**WHAT THE EXERCISE ASKS:** From the line containing "Water-resistant photo album" through the last line of the material, copy every line exactly, both ends inclusive; do not copy pictures.

**STORED DATA:**
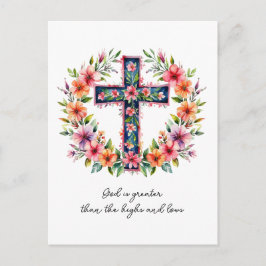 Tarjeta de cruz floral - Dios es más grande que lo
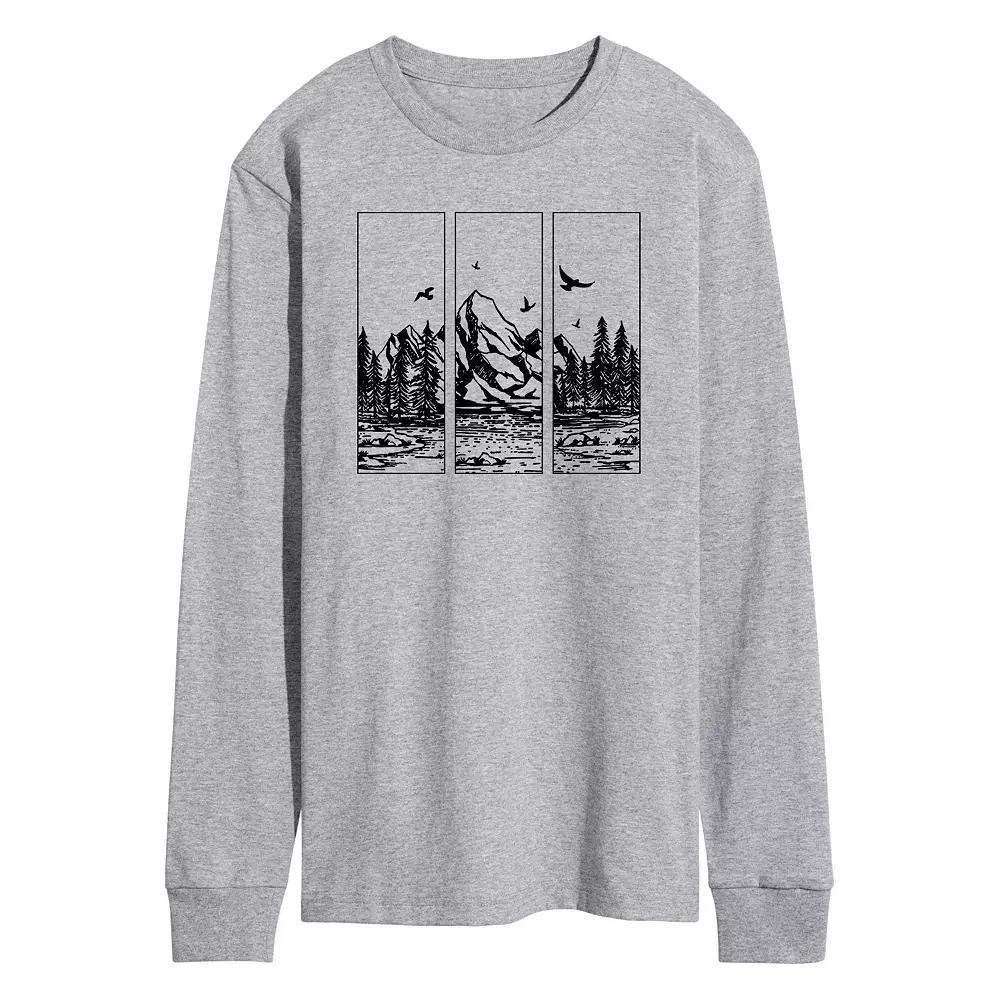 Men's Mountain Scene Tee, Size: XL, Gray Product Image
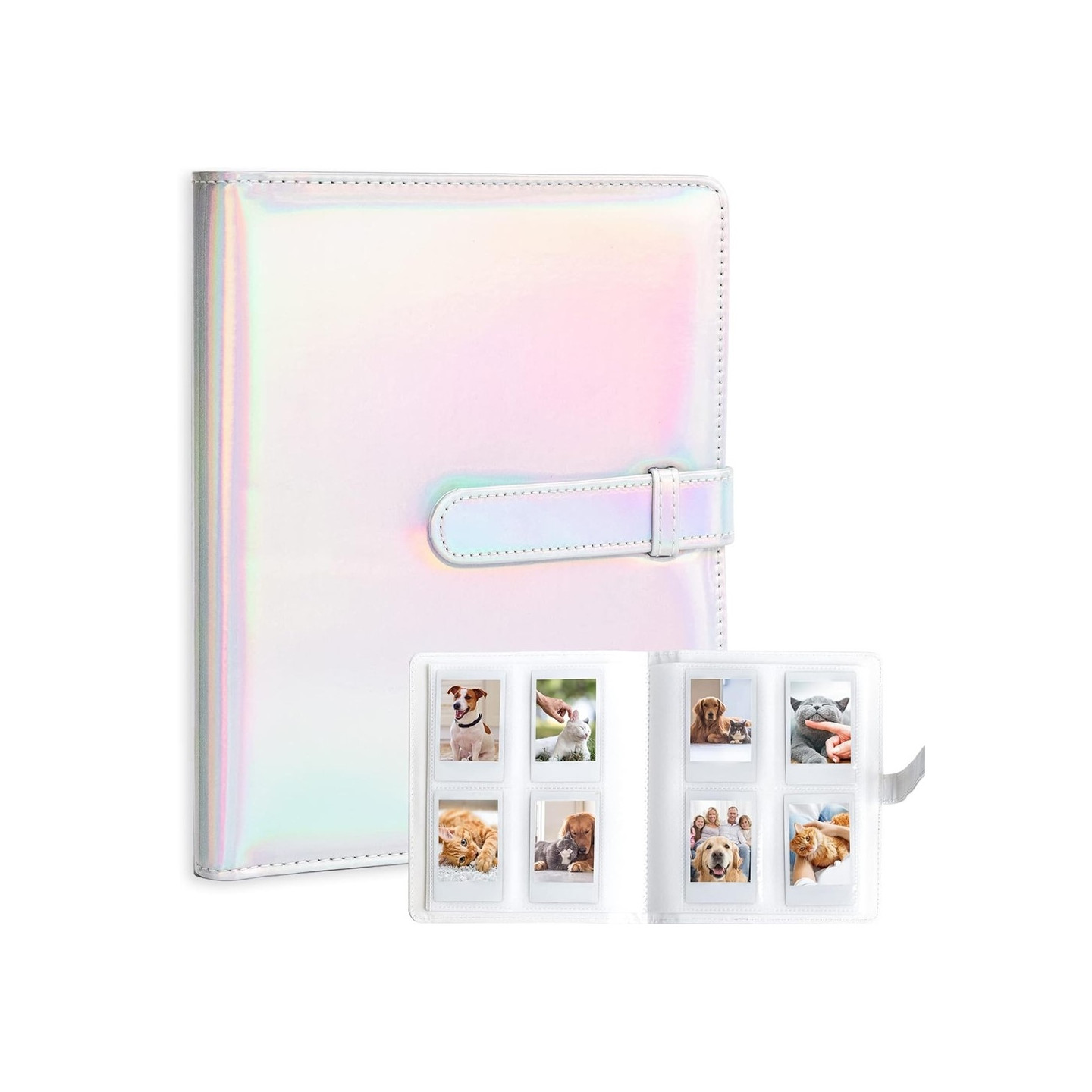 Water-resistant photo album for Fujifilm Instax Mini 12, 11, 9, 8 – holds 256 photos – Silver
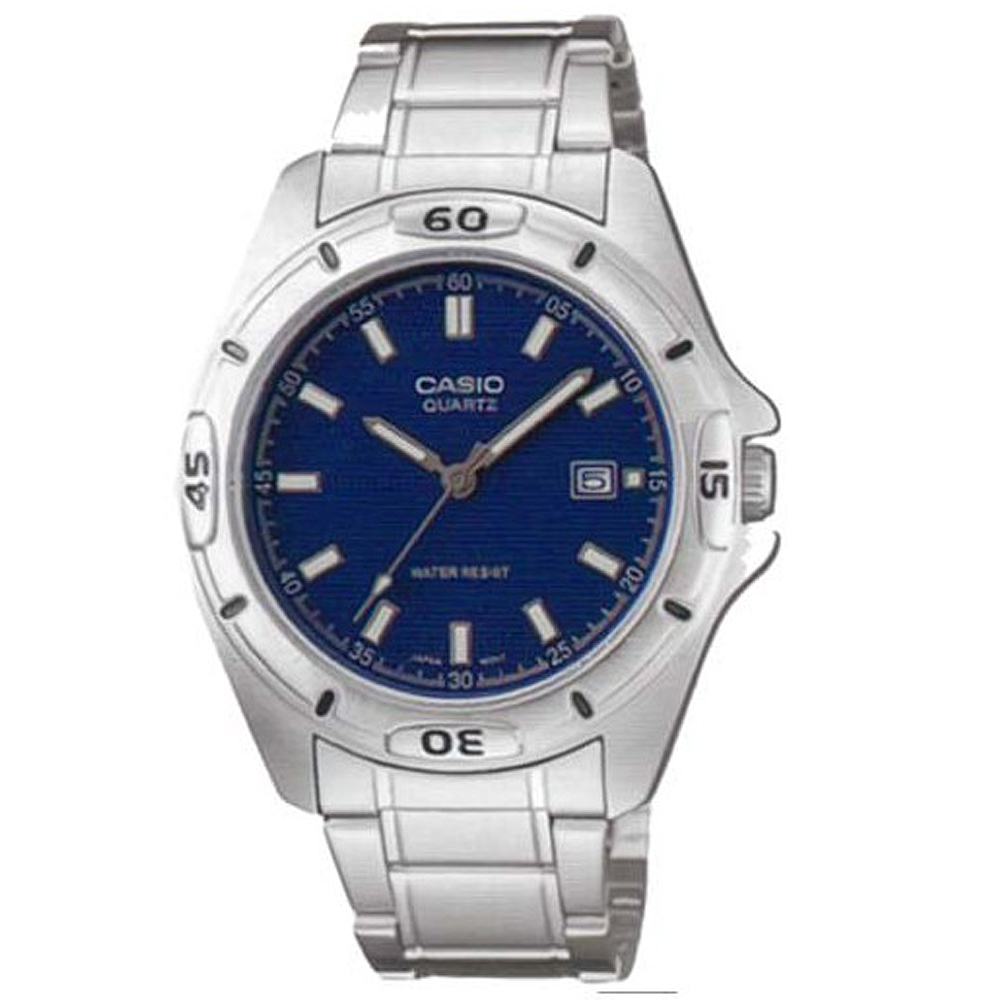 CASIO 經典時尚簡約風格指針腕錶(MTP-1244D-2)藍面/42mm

**ANSWER BOX:**
 Water-resistant photo album for Fujifilm Instax Mini 12, 11, 9, 8 – holds 256 photos – Silver
 CASIO 經典時尚簡約風格指針腕錶(MTP-1244D-2)藍面/42mm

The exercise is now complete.